AppGenerator generates generated_module class capabilities. For each module in the build plan:

  1. Outputs module.yaml — identity, actions, permissions, event references
  2. Outputs contracts/events.yaml — domain events the module publishes
  3. Outputs contracts/reactions.yaml — reactions to events from other modules (if any)
  4. Outputs contracts/notifications.yaml — notification rules (if any)
  5. Outputs contracts/profile.yaml — user profile page panels, when the module has user-scoped account data worth surfacing (activity summaries, usage stats, notification preferences). Do not emit for every module.
  6. Outputs backend/handler.py, backend/service.py, backend/repo.py, backend/policy.py, backend/schemas.py — backend stubs

AppGenerator does not generate: - auth, user management, session infrastructure → host_universal - notification delivery infrastructure, admin shell → host_universal - the user profile page or /api/me identity — both are host_universal - pack internals for framework packs → framework_pack - hosted service engines or external systems → hosted_pack / external_adapter - contracts/profile.yaml with kind: formform is reserved and rejected by the validator


Runtime Alignment Status

The following runtime behaviors are not yet implemented. They are listed here so engineering work is tracked against the canonical contract, not against the current runtime state.

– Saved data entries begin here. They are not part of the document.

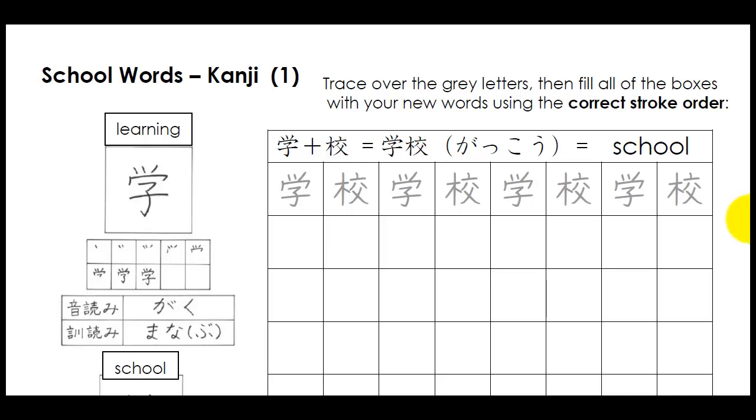In this video tutorial, we're going to look at some of the kanji that you need to talk and write about schools. And we're going to start over here with the first one.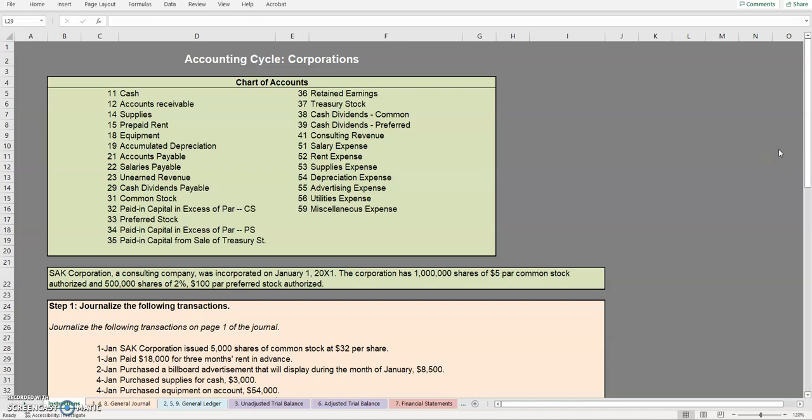Hello and welcome to another TLC tutoring company accounting video. In this video we will be going over the full accounting cycle for a corporation.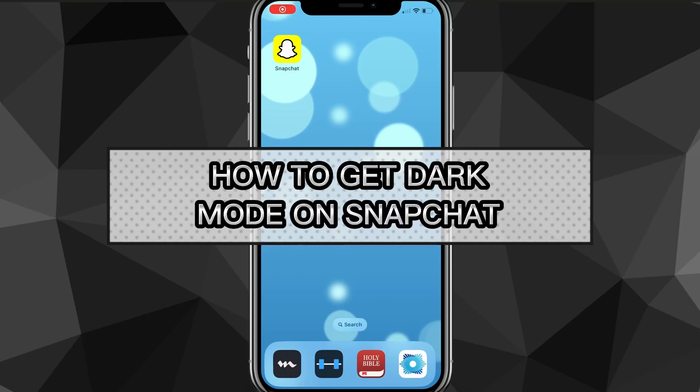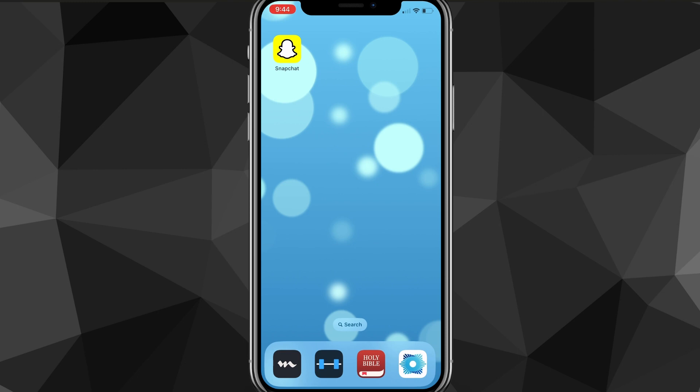Hey guys, in this video I'm going to show you exactly how to get dark mode on Snapchat. Sometimes you might be using Snapchat late at night, or you just want to change it to dark mode so it isn't as bright and doesn't hurt your eyes as much. I'll show you exactly how to turn it on in this video today.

Canonical contract Runtime status
contracts/ subdirectory path Fully wired — ModuleLoader loads from contracts/ subdir
contracts/reactions.yaml Canonical event reaction contract
All companion manifests optional Fully wired — absent files yield None, not empty defaults
settings.py injected into ctx Not yet injected; add ctx.settings
contracts/reactions.yaml handler routing Fully wired — ModuleEventRouter resolves handler, capability, and notification targets from canonical reactions
notifications.py audience hooks Stored but not called by ModuleEventRouter
Module permissions enforcement Declared but not enforced by ModuleExecutor
Input/output schema validation Declared but not validated by ModuleExecutor

Until the runtime is updated, generated modules should still follow the canonical contract shape. The runtime loader will be updated to support the new paths.